Se il suo Alfred Moretti è nato dall'ispirazione di artisti come Elton John e Liberaci, è anche vero che per passare dal giornalismo alla regia anche il regista di Opus ha trovato un punto di riferimento in altri cineasti. "Sono un regista nero e alla fine dei titoli di coda del film si può leggere un ringraziamento speciale a Spike Lee", svela il regista.

"Non so neanche se abbia visto il mio film o se sappia che esiste. Però è stato in queste sale come me, per decenni, e lo è tuttora. È molto più grande di me e ha combattuto per proiettare questi film strani, inusuali, di stampo avanguardista.
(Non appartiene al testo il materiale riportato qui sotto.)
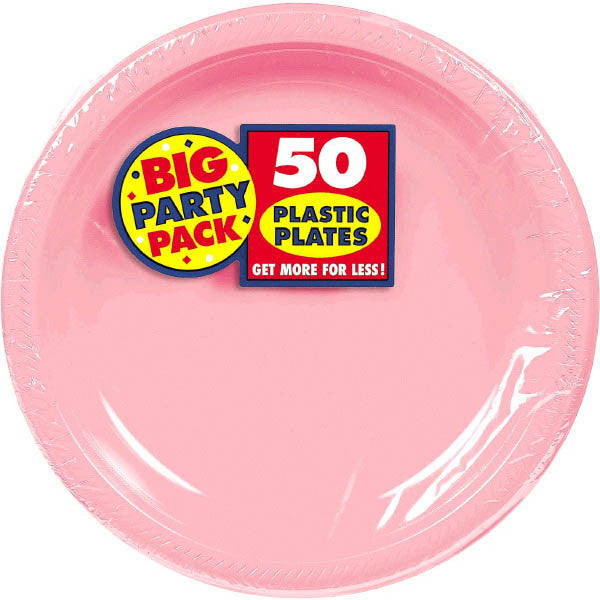 Lovely Pink 10" Plastic Plates - 50ct.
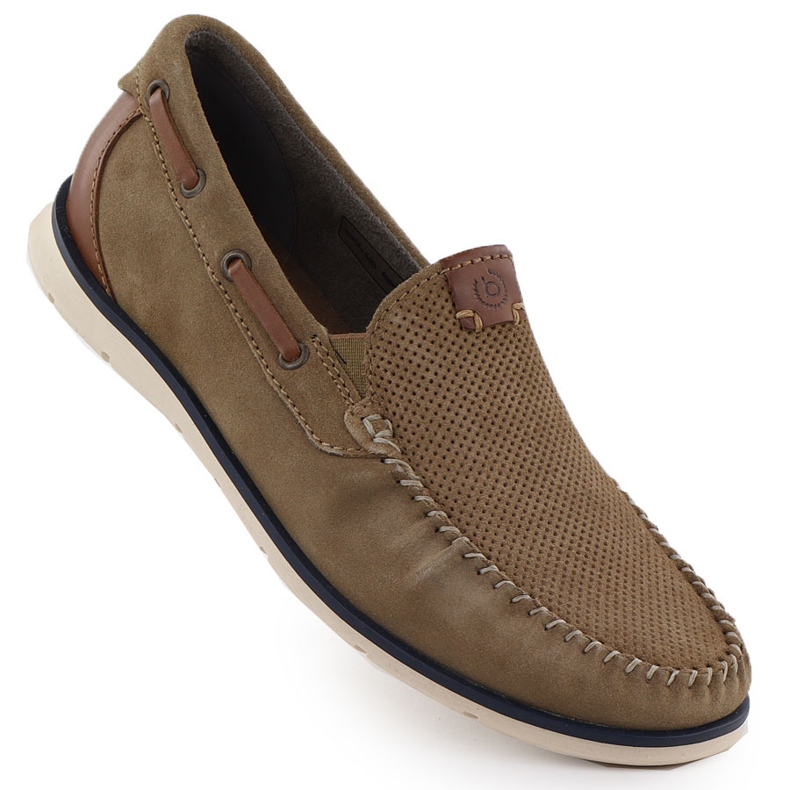 Mocsins in pelle comoda scintilla da uomo BUGATTI 321-ARU61-1400 marrone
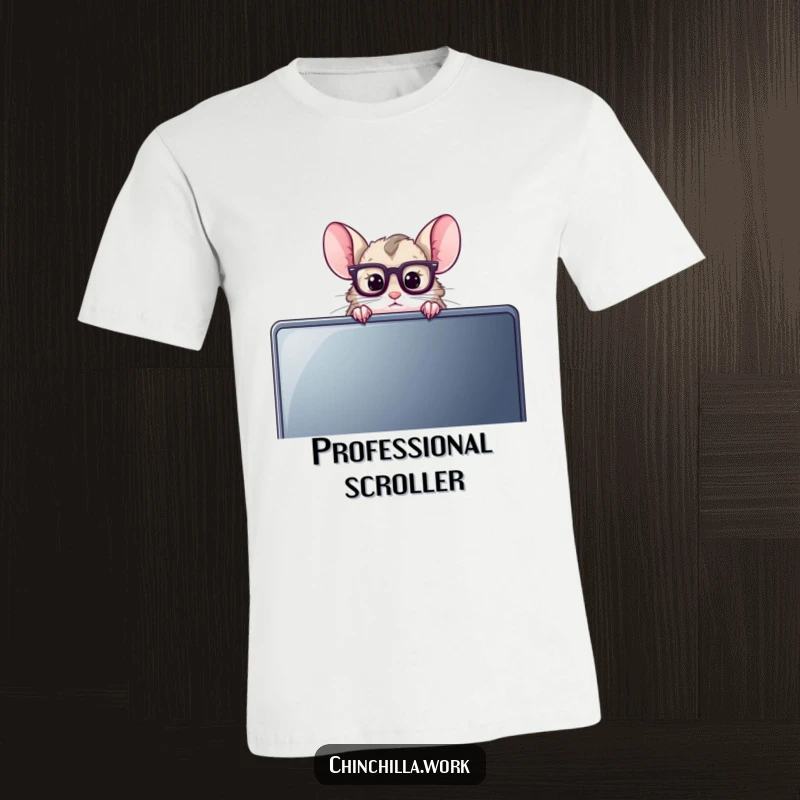 Funny Chinchilla T-Shirt displaying a cute chinchilla wearing reading glasses, peeking over a large computer monitor for a nerdy vibe.
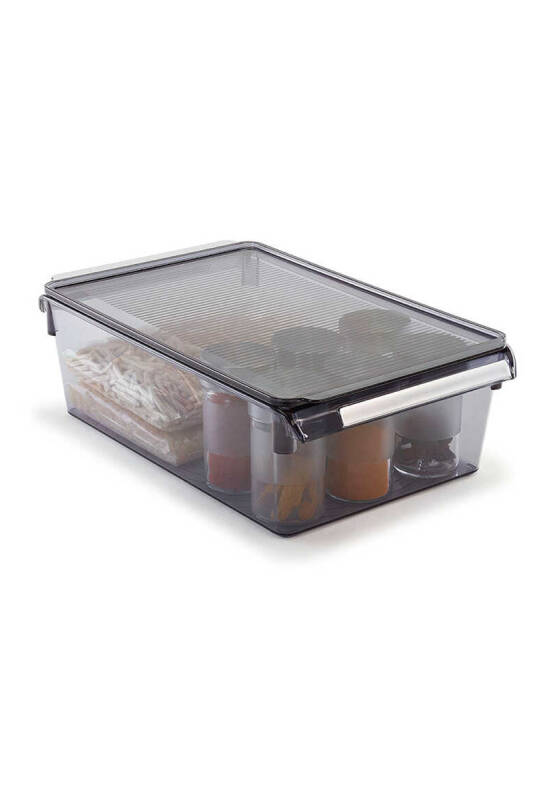 Buzdolabı Içi Organizer Dolap Içi Düzenleyici Raf 310*180*150 Mm Şeffaf Siyah - 4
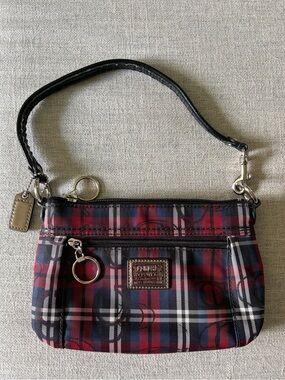 Coach Poppy Tartan Clutch handbag Y2K
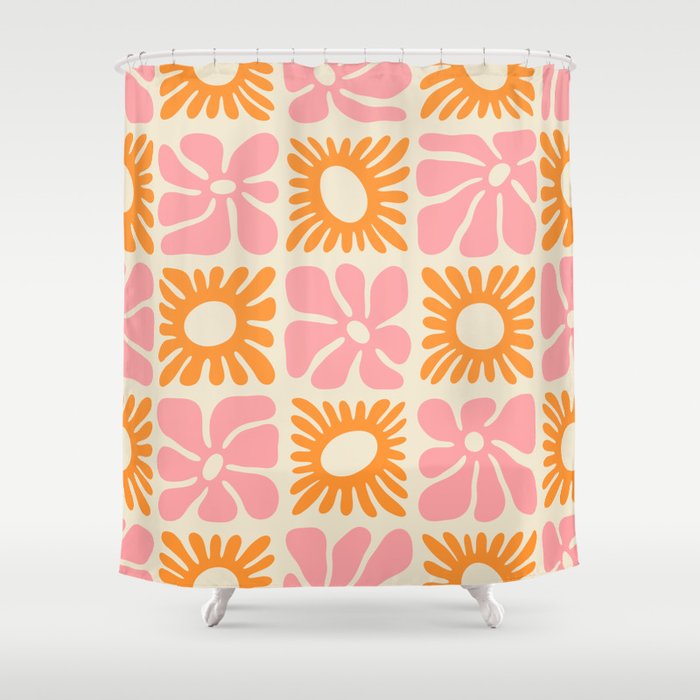 Retro checkered flower mosaic art pattern Shower Curtain Gallery Image 1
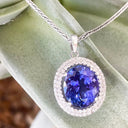 Luxurious Double Diamond Halo Oval Tanzanite Pendant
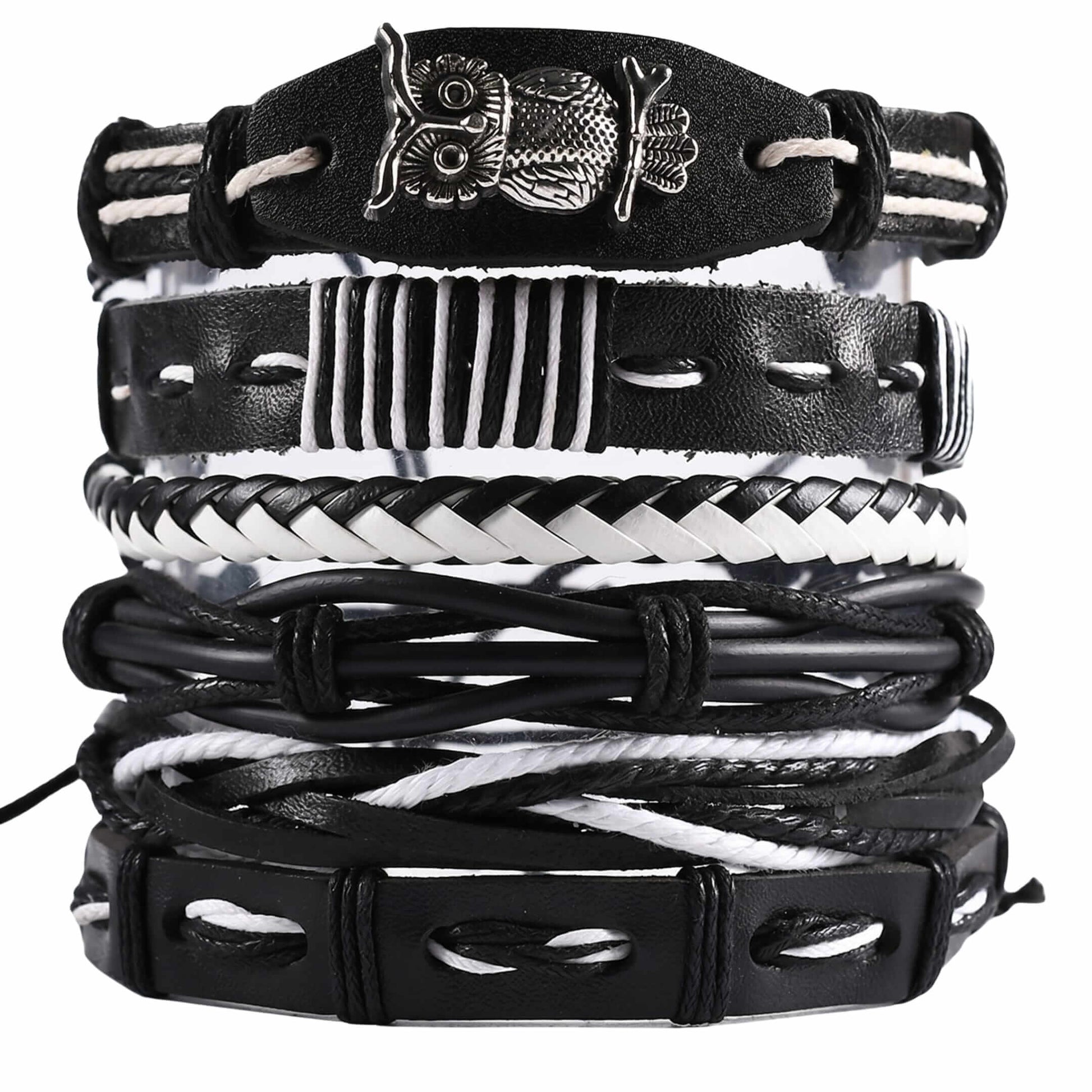 NOCTOWL - 6 Pcs Genuine Leather Adjustable Bracelet for Men & Boys — Leather Bracelet for Men | THE MEN THING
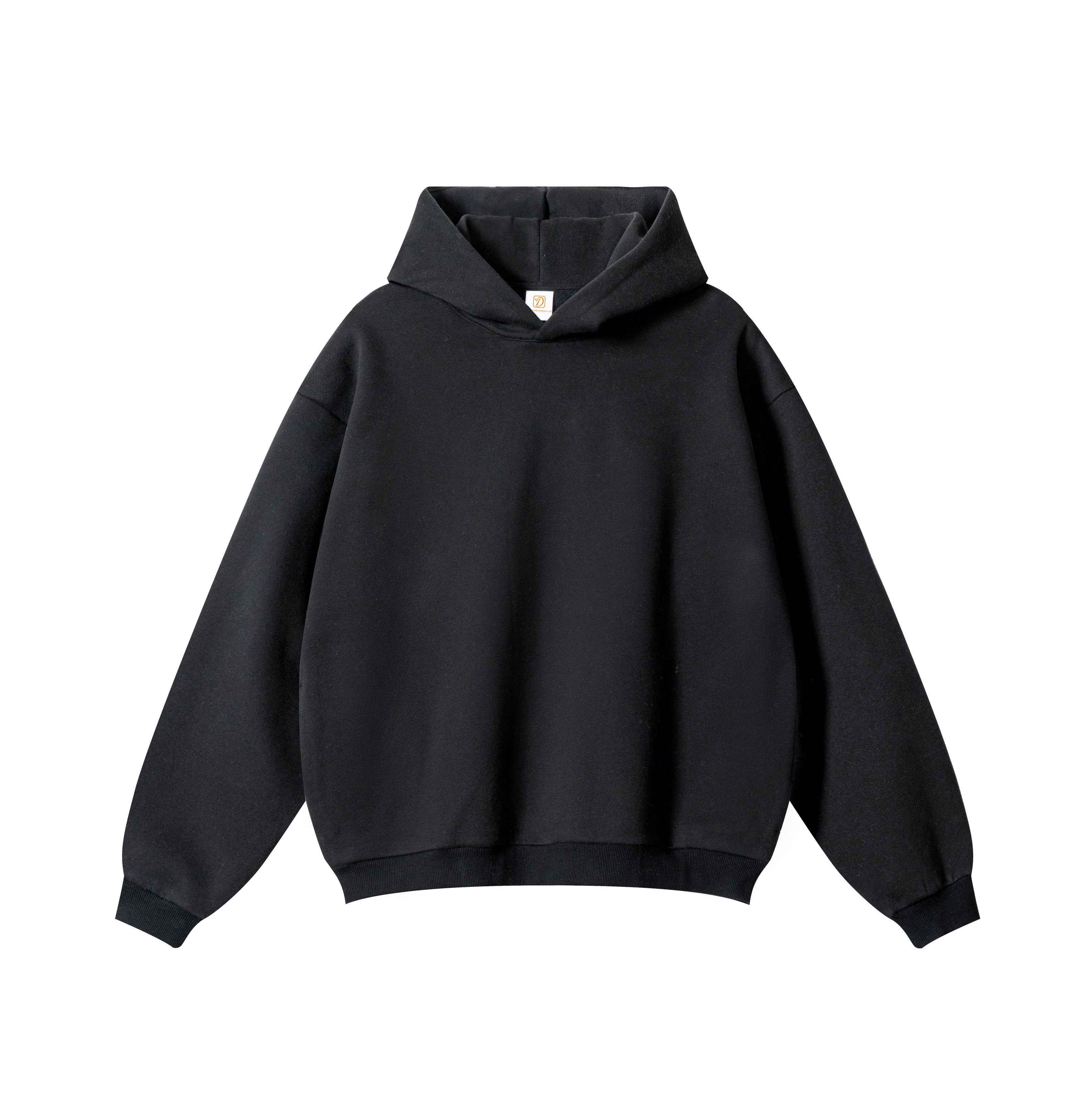 Custom Blank Pullover Pure Color Drop Shoulder Fleece Zip High Quality Polyester and Cotton Wholesale Hoodies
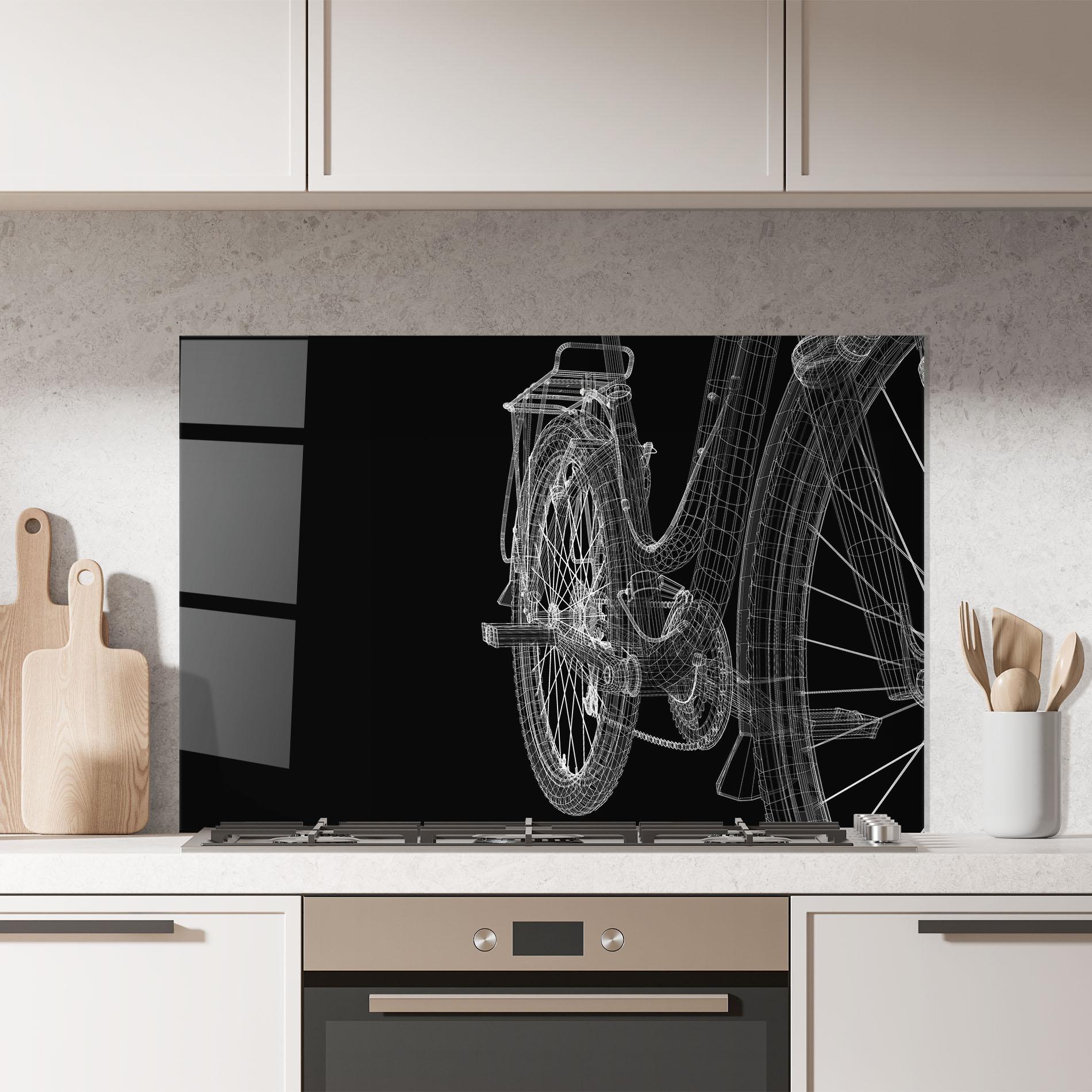 Küchenrückwand Glas Bike Wire Model 3d mockup 7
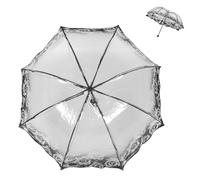 CORHAD Parapluie Transparent Pliant Manuel à Trois Volets Structure en Acier et Design Élégant pour Femmes Usage Quotidien et Mariage
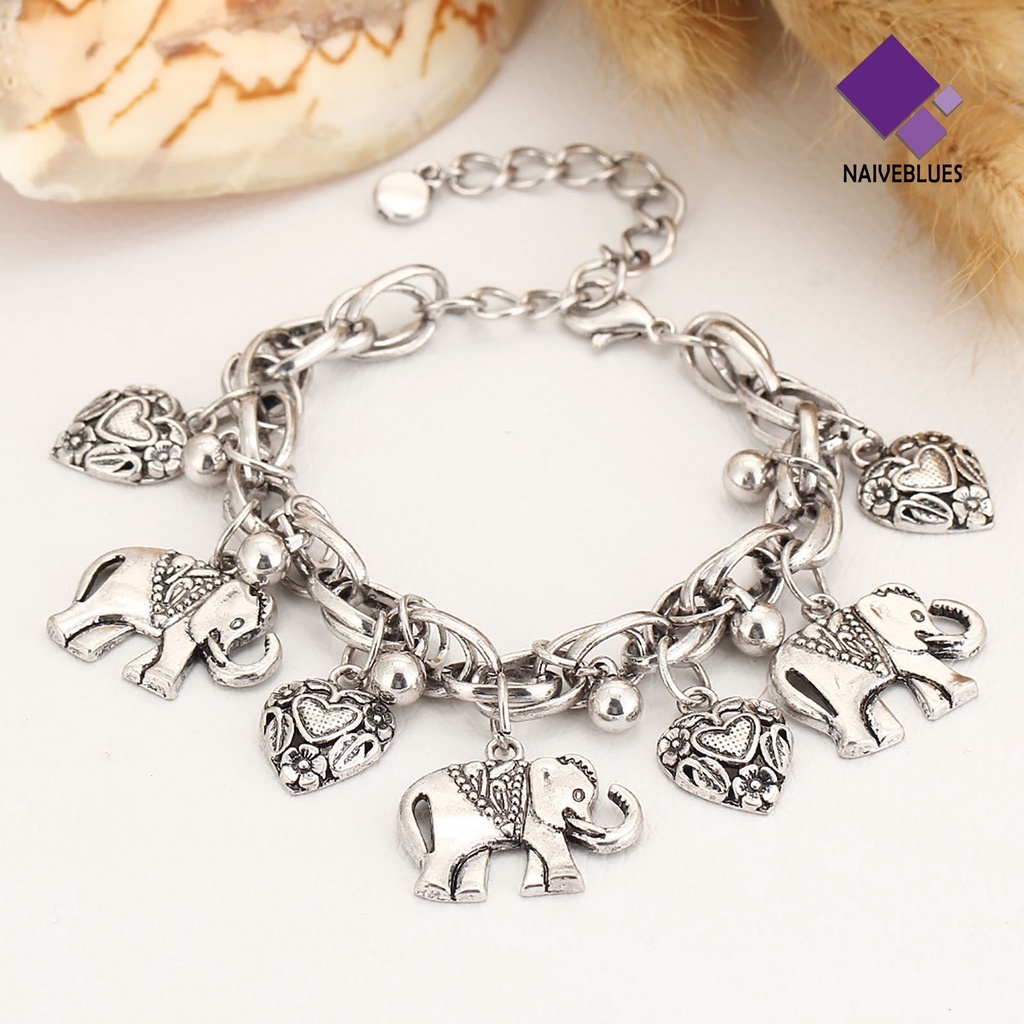 &lt; Naiveblues &gt; Gelang Kaki Simple Adjustable Alloy Wanita Liontin Gajah Gelang Kaki Untuk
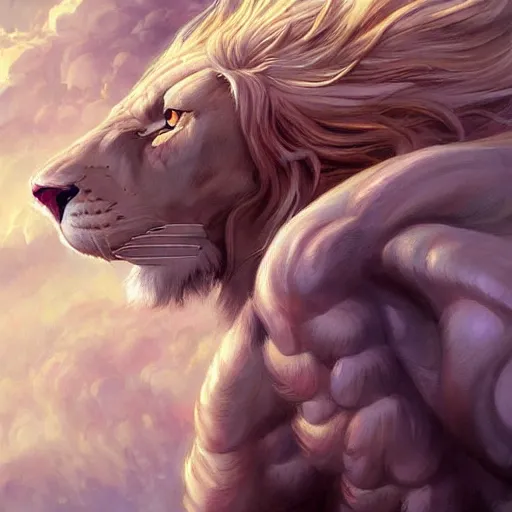 Image similar to aesthetic portrait commission of a albino muscular and attractive anthro lion as a greek god overlord with mane fur turning into cosmic smoke in the clouds, fantasy art, hyperdetailed. Character design by charlie bowater, ross tran, artgerm, and makoto shinkai, detailed, inked, western comic book art, 2021 award winning painting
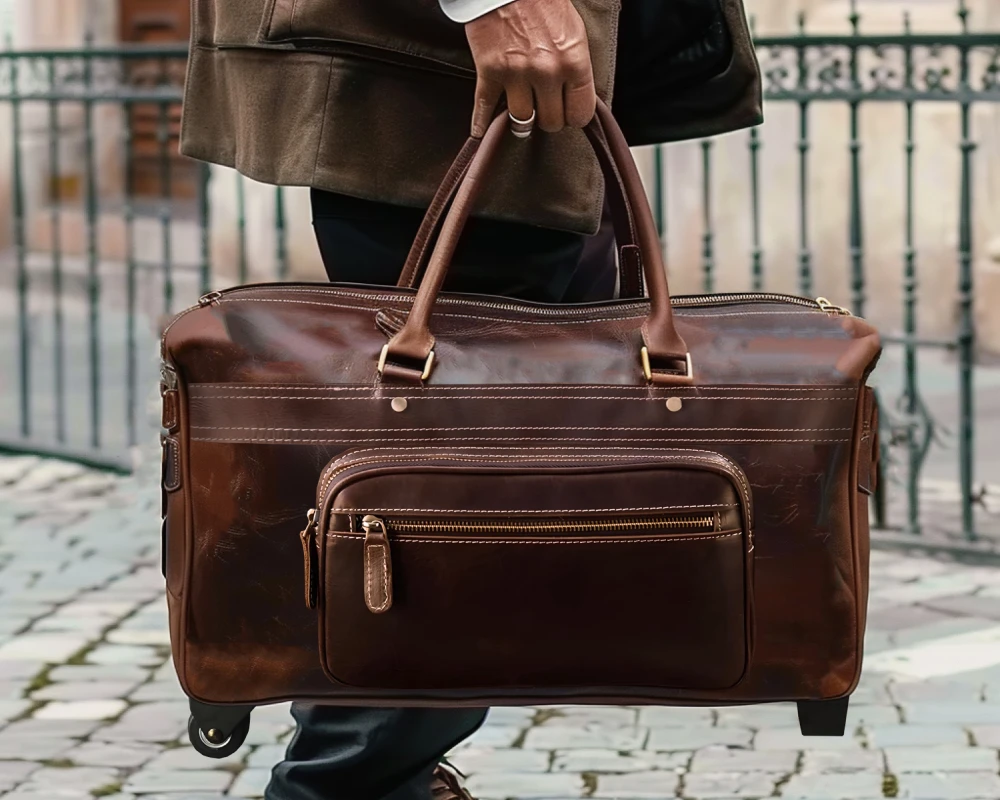 mens leather carry on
Non posso che avere una profonda gratitudine per lui, ma anche per Jordan Peele e tantissimi altri registi", prosegue Mark Anthony Green. "La lista è lunghissima. Sono profondamente onorato, ad esempio, di poter anche solo dire di essere un regista come i grandi, da Paul Thomas Anderson o a Gus Van Sant".

"Per me uno dei più grandi è Takashi Miike che ha un'ispirazione molto presente anche in Opus. Sono ispirato da loro quanto lo sono da Miuccia Prada. Sono stato un giornalista di moda e sono venuto spesso in Italia stando a stretto contatto con i direttori creativi. Li ho visti preparare delle sfilate che sarebbero durate tre o quattro minuti con una dovizia di dettagli che ha avuto inevitabilmente un'influenza nel mio film. Un film che deve essere immersivo e audace".